** Opening Material to process block **

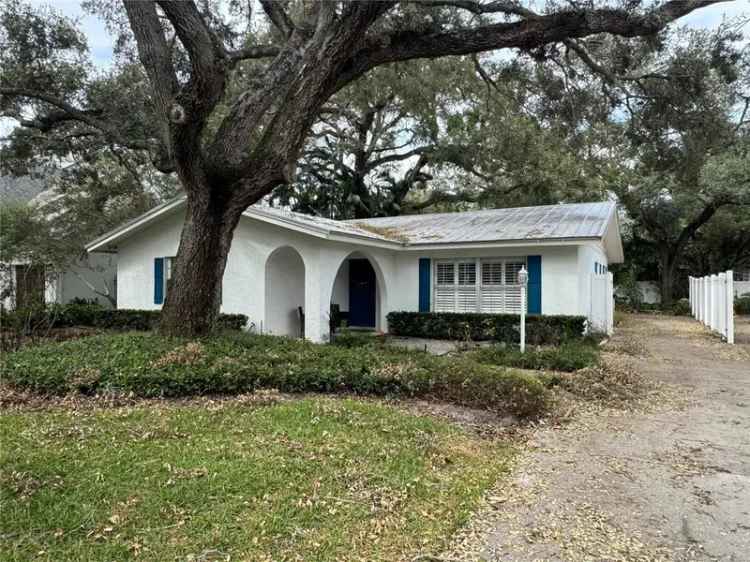 Single-family house For Sale in 4631, West Leona Street, Tampa, Florida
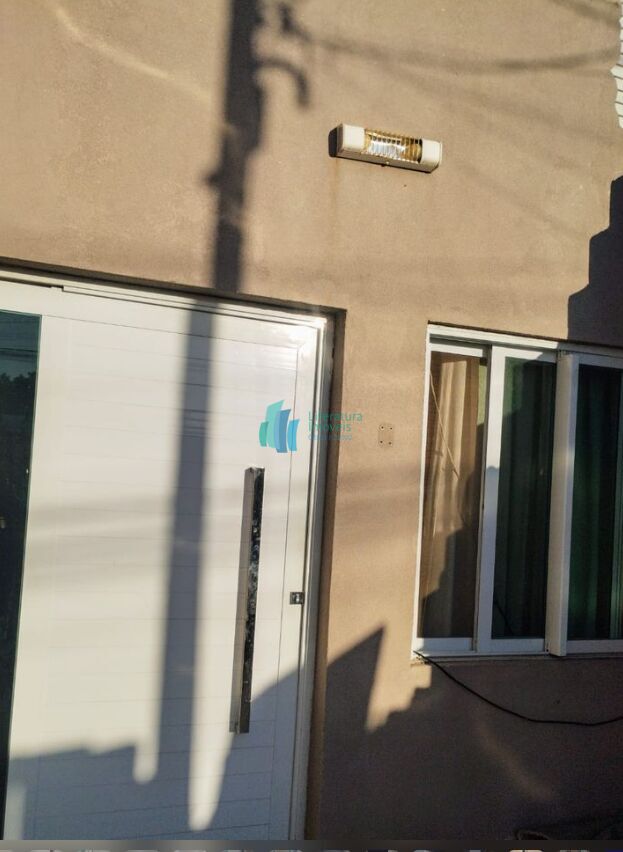 Casa à venda com 2 quartos, 125m² - Foto 1
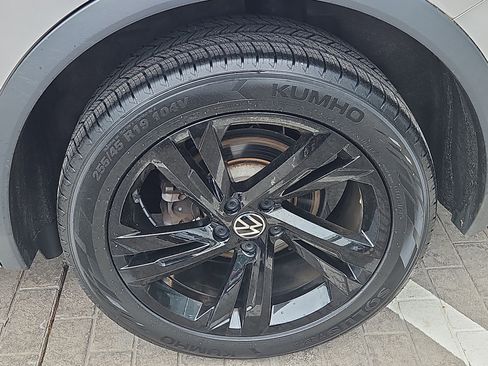 Certified 2023 Volkswagen Tiguan SE R-Line AWD/4WD image 26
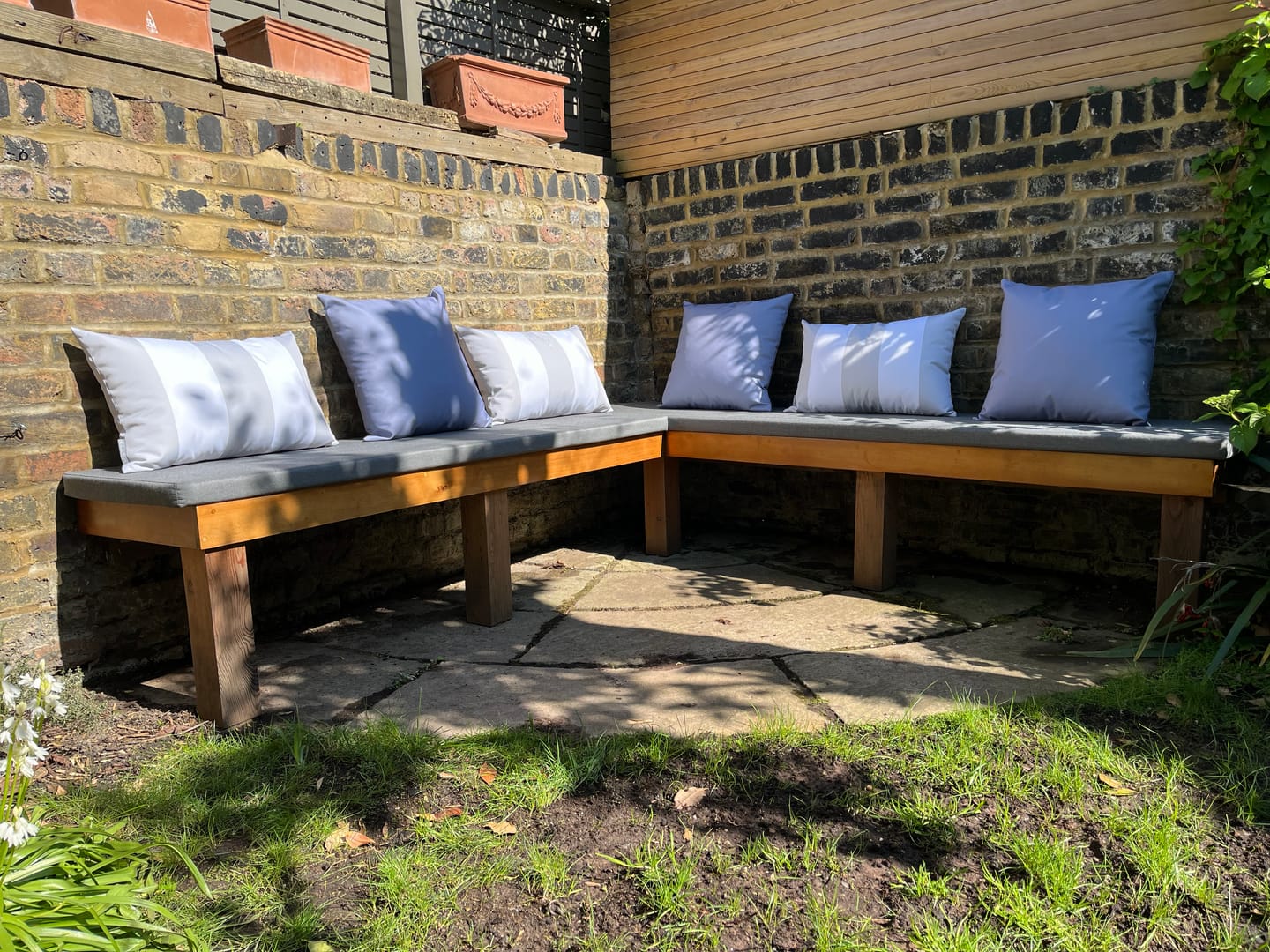 Customer photo review of Outdoor Garden Waterproof Rectangle Cushion - 3 Stripes
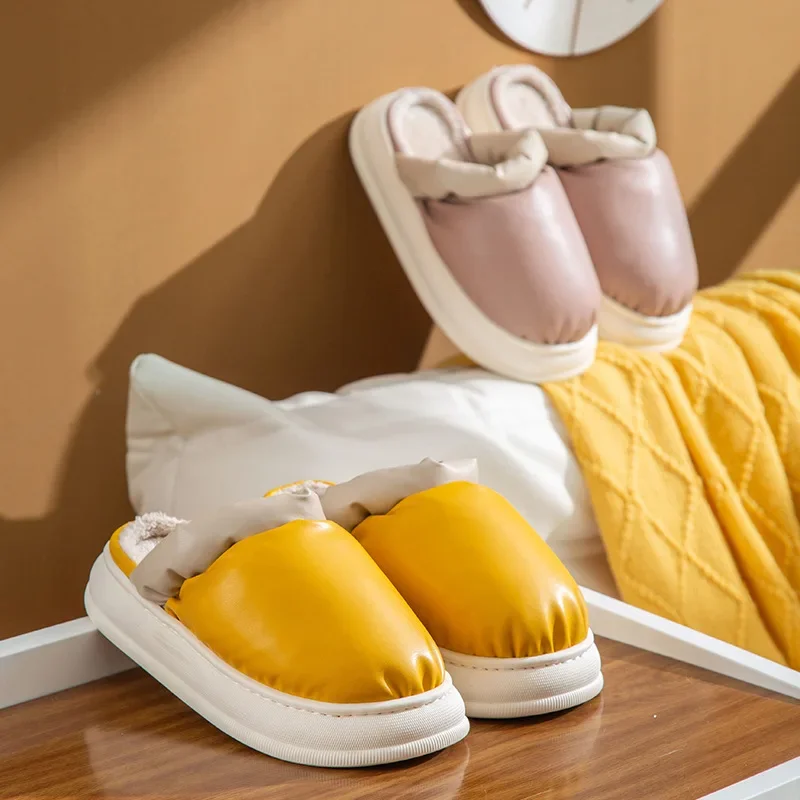 Sandal wanita musim dingin, sandal bulu wanita musim dingin luar ruangan, sepatu katun pasangan hangat kulit PU tahan air, kamar tidur, tumit datar, meluncur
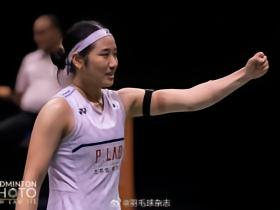 安洗莹2-0横扫山口茜，第二次夺得羽毛球世锦赛女单冠军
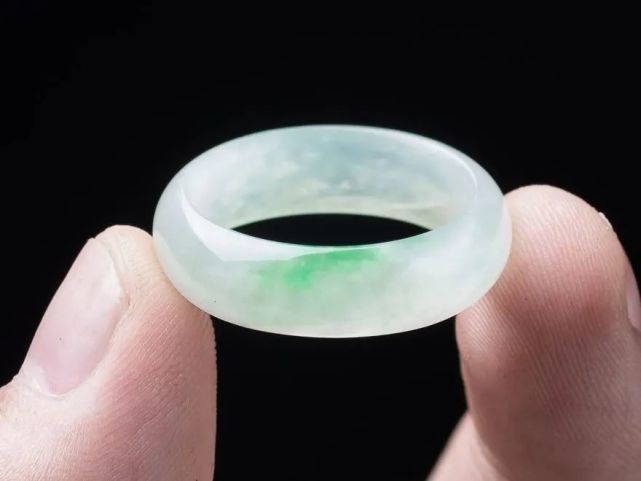 珍珠戒指竟是最危險的首飾?又有人為它破財傷身,差點手都“廢”了…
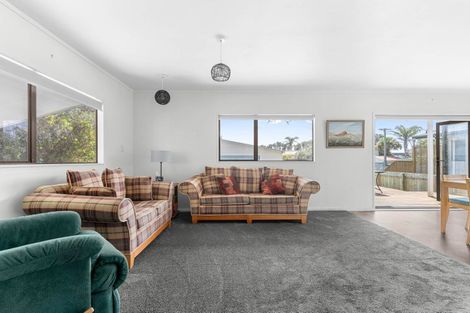 Photo of property in 894 Pataua South Road, Pataua South, Onerahi, 0192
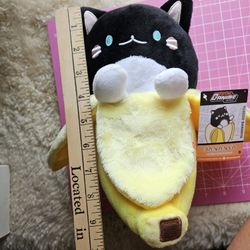 PLUSHIE TUXEDO BANANYA CAT 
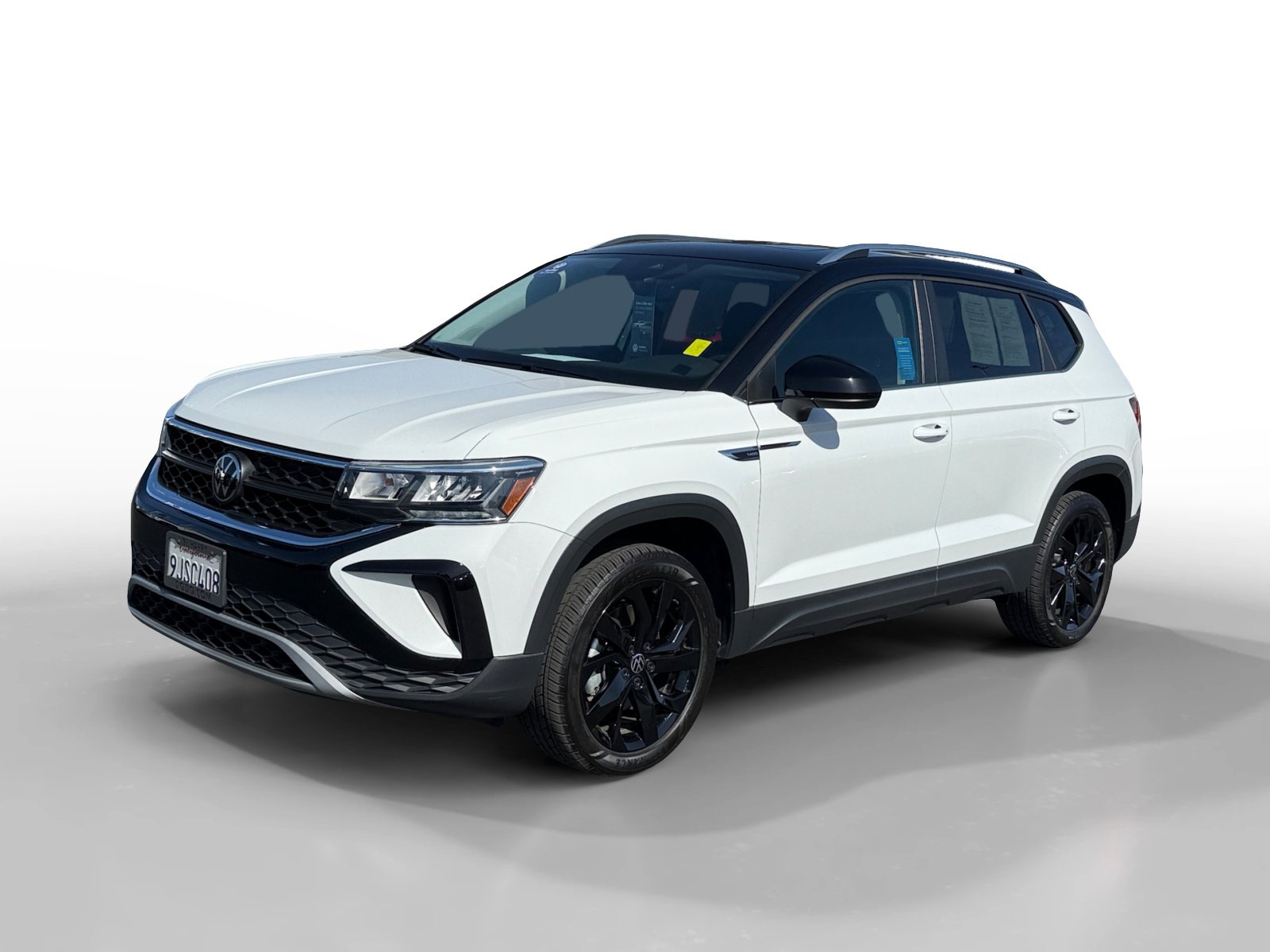 Certified 2023 Volkswagen Taos SE FWD image 1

** Closing Material to process block **

## Description of the task
What is needed is an exact transcription of the lines from the one holding "Casa à venda com 2 quartos, 125m² - Foto 1" to the end of the data, with every picture left out.

## Solution for this problem
 Casa à venda com 2 quartos, 125m² - Foto 1
 Certified 2023 Volkswagen Tiguan SE R-Line AWD/4WD image 26
 Customer photo review of Outdoor Garden Waterproof Rectangle Cushion - 3 Stripes
 Sandal wanita musim dingin, sandal bulu wanita musim dingin luar ruangan, sepatu katun pasangan hangat kulit PU tahan air, kamar tidur, tumit datar, meluncur
 安洗莹2-0横扫山口茜，第二次夺得羽毛球世锦赛女单冠军
 珍珠戒指竟是最危險的首飾?又有人為它破財傷身,差點手都“廢”了…
 Photo of property in 894 Pataua South Road, Pataua South, Onerahi, 0192
 PLUSHIE TUXEDO BANANYA CAT 
 Certified 2023 Volkswagen Taos SE FWD image 1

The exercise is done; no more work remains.